ABD’ye 16 yıl önce geldiğimde, eşime söylediğim şeylerden birisi, buranın oldukça kibirli ve kendimi beğenmiş bir ülke olduğuydu. Bu, burada hiçbir olay yaşanmadığı, herkesin güvende olduğu, sonsuza kadar başarılı olacağımız ve herşeyin daima iyi ve daha iyi olacağına dair çocuksu bir iyimserlik ve kibirdi. Oysa dünyanın geri kalanında yaşanmakta olan hayat bu şekilde değildi. Dolayısıyla, daima kendimi bir yaratık gibi hissediyordum. Ve sonra, ilk kez, 11 Eylül 2001’de insanların dünyanın geri kalanında hayatın nasıl olduğunun farkına vardıklarını düşünüyorum ve bununla ilişki kurabilirdim.

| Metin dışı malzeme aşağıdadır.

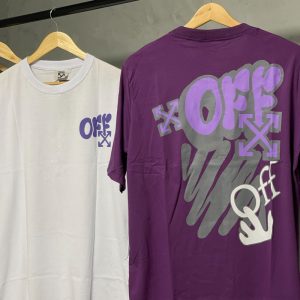 Camiseta Off-White Oversized – Edição "Graffiti Arrow"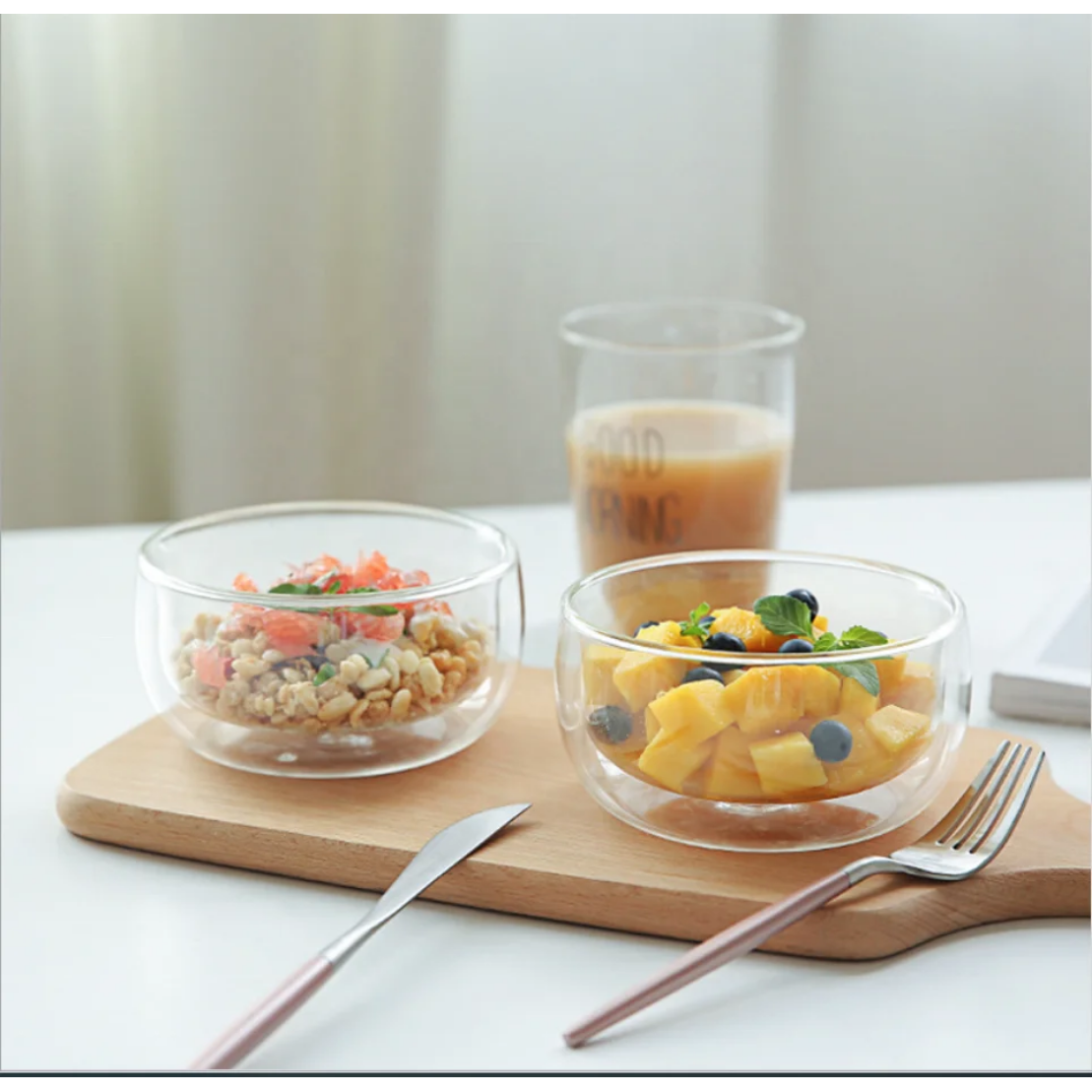 DOUBLE WALL GLASS 250 ML BOWL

LF: Son kitabınız “My Invented Country”’deki Şili hakkındaki yazılarınıza baktığımızda, kitabın büyük bölümünün sizin de tarif ettiğiniz gibi Şililerin özellikle sizin de içinde bulunduğunuz sınıfın ait olduğu 1973 öncesi dönem hakkında yazıldığını söyleyebiliriz. Şöyle diyorsunuz: “ Biz Şilililerin, askeri bir darbenin neleri zorunlu hale getireceği hakkında fikrimiz yoktu çünkü uzun ve sağlam bir demokratik bir geleneğe sahiptik”. Ve şöyle yazdınız: “ Hayır, bu bizim başımıza asla gelemezdi, bunu açıkça göstermiştik (“Banana Republics” i kastederek). Şili’de askerler bile demokrasiye inanırdı. Hiç kimse anayasamızı bozmaya cesaret edemezdi”.

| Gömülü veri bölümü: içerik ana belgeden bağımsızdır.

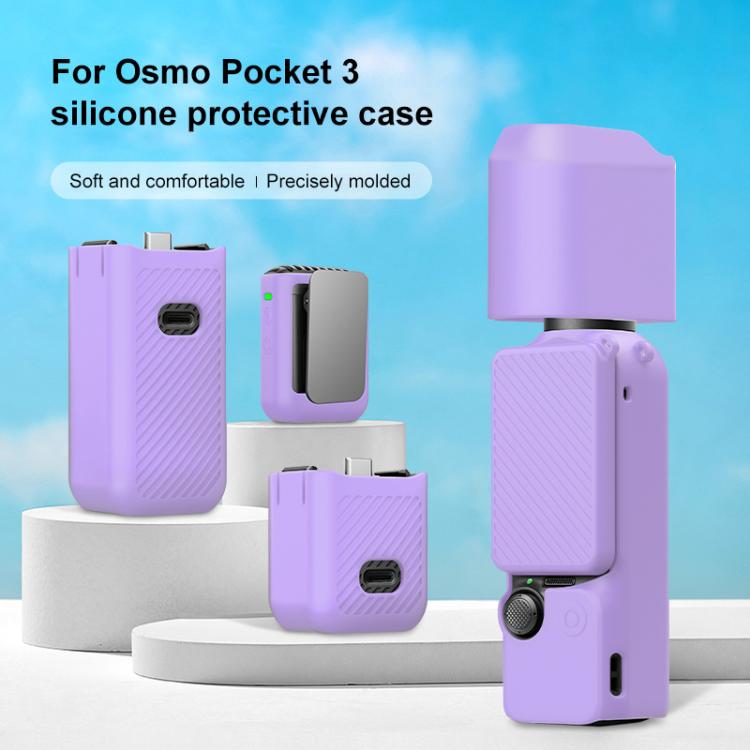 For DJI OSMO Pocket 3 PULUZ 6 in 1 Body Lens Handle Screen Mic Silicone TPU Cover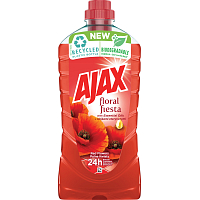 Ajax na podlahy a povrchy Floral Fiesta Red Flowers univerzální čistící prostředek, vlčíc mák, 1 l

IA: Maalesef, cesaret edenler oldu. 24 saat içinde, herşey değişti. Bu her yerde yaşanabilir. Daha önce İtalya’da, İspanya’da, Almanya’da yaşandı. Bu nedenle, hiç kimsenin böyle bir olaya karşı dokunulmazlığı yok. Ve bunu akılda tutmanın önemli olduğuna inanıyorum. Bir şeyin kıymetini ancak kaybettiğimizde anlayabiliyoruz. Bu sağlık için ya da - Şili’de yaşandığı gibi- demokrasi için söz konusu olabilir.

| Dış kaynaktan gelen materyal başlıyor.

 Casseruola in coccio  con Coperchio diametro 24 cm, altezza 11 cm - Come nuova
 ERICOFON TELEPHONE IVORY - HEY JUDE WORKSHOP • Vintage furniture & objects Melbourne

LF: Hayatınızda meydana gelen değişikliğin hemen farkına varabilmiş miydiniz?

IA: Hayır. Çok ani olmuştu. Bir günde gerçekleşmişti, fakat henüz farkına varamamıştık çünkü sansür uygulanıyordu. Tüm medya sansürlüydü ve haber alamıyorduk sadece dedikodular söz konusuydu. Ayrıca, köklü demokrasi geleneğimiz nedeniyle, askerlerin bir haftada kışlalarına geri döneceklerini ve yeniden seçimlerin yapılmasını talep edeceklerini sanıyorduk. Biz asla – hatta ordu bile- askeri yönetimin 17 yıl süreceğini ve bu kadar acımasız özelliklerinin olacağını tahmin etmemiştik. Bu gerçekten çok şaşırtıcıydı.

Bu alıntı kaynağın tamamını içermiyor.